Patent Reform & Old Patents
As “patent reform” makes news; a historic collection of thirteen original U.S. patents signed by Presidents, Secretaries of State, and Attorneys General has been published on the Internet, by patent attorney Richard Beem.
The 200 year-old patents, printed by hand on parchment, are now yellow and wavy, with faded ribbons and seals, water stains and other marks of time. They bear the original signatures of John Adams, Thomas Jefferson, James Madison, James Monroe, Andrew Jackson, other presidents, and members of their cabinets. This patent collection is displayed in Beem Chicago offices, including an early 1800's model, two British patents and letters by famous inventors, Edison, Watt and Morse.
The founding fathers provided for patents in the Constitution in order “to promote the Progress ‘of the’ useful Arts.”
Then, as now, the nation struggled with issues of infrastructure, competitiveness, and the conveniences and comforts of modern life. Inventors were rewarded with patents for their advances in road-building, water power, coal stoves, cast iron shears, butter churns, “washing machines,” and especially new techniques for weaving cloth (it took six weeks to make a pair of bedsheets).

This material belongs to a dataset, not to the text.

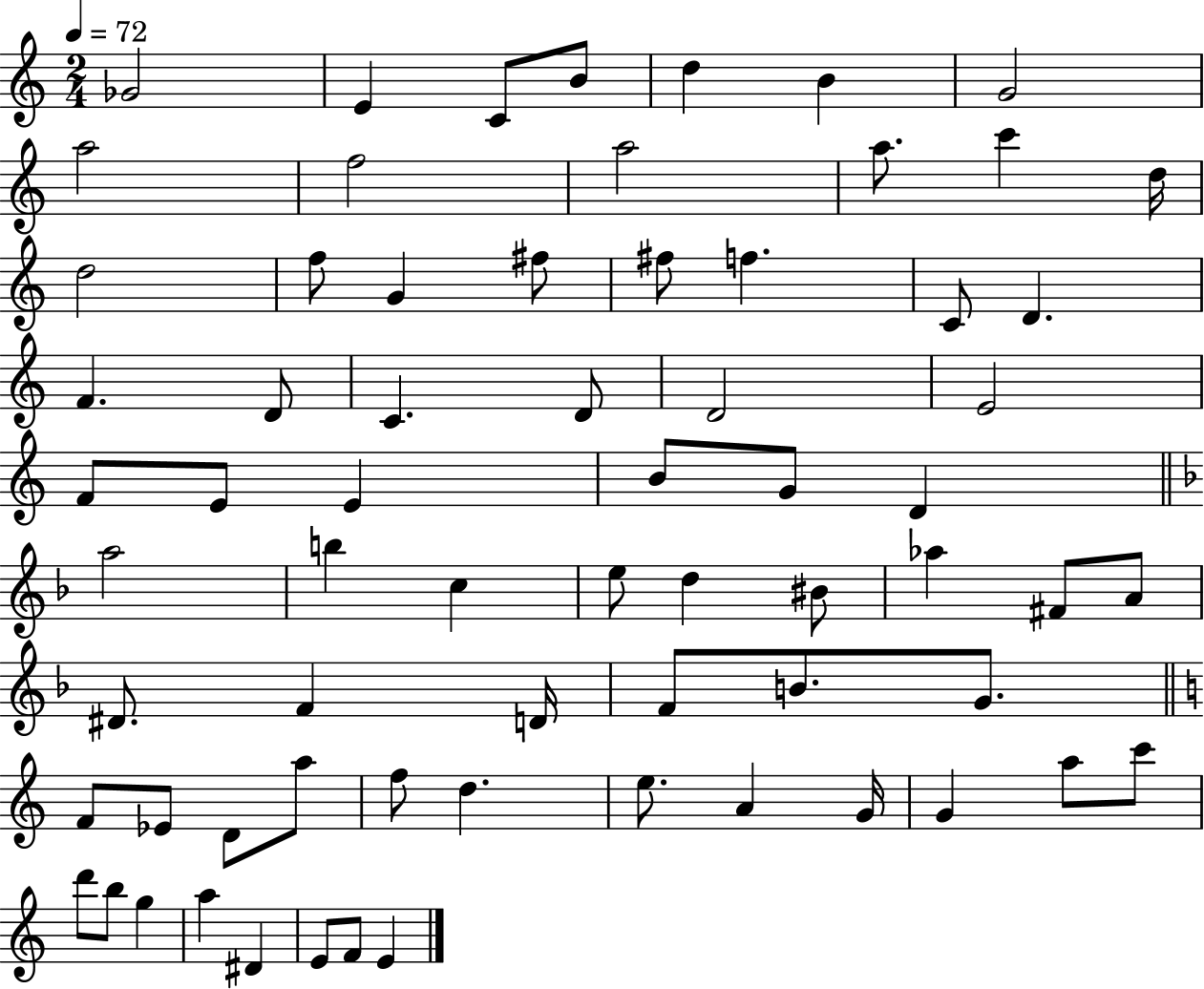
Gb4/h E4/q C4/e B4/e D5/q B4/q G4/h A5/h F5/h A5/h A5/e. C6/q D5/s D5/h F5/e G4/q F#5/e F#5/e F5/q. C4/e D4/q. F4/q. D4/e C4/q. D4/e D4/h E4/h F4/e E4/e E4/q B4/e G4/e D4/q A5/h B5/q C5/q E5/e D5/q BIS4/e Ab5/q F#4/e A4/e D#4/e. F4/q D4/s F4/e B4/e. G4/e. F4/e Eb4/e D4/e A5/e F5/e D5/q. E5/e. A4/q G4/s G4/q A5/e C6/e D6/e B5/e G5/q A5/q D#4/q E4/e F4/e E4/q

Then, as now, there was controversy over the standards for examination of patent applications and the nature of the rights bestowed on patentees. The first Patent Act, in 1790, was followed by periodic revisions, the most significant of which, in 1836, gave us a basic framework of patent law that remains in force today, requiring utility, novelty and nonobviousness of those select inventions that are deemed patentable.
As these words are written, efforts at patent reform are brewing in Congress, the courts, and the U.S. Patent and Trademark Office. Before amending the law of patents, the reformers would do well to remember that they write not on a blank slate, but on one that has been engraved by thoughtful men and women of the 18th, 19th, and 20th centuries.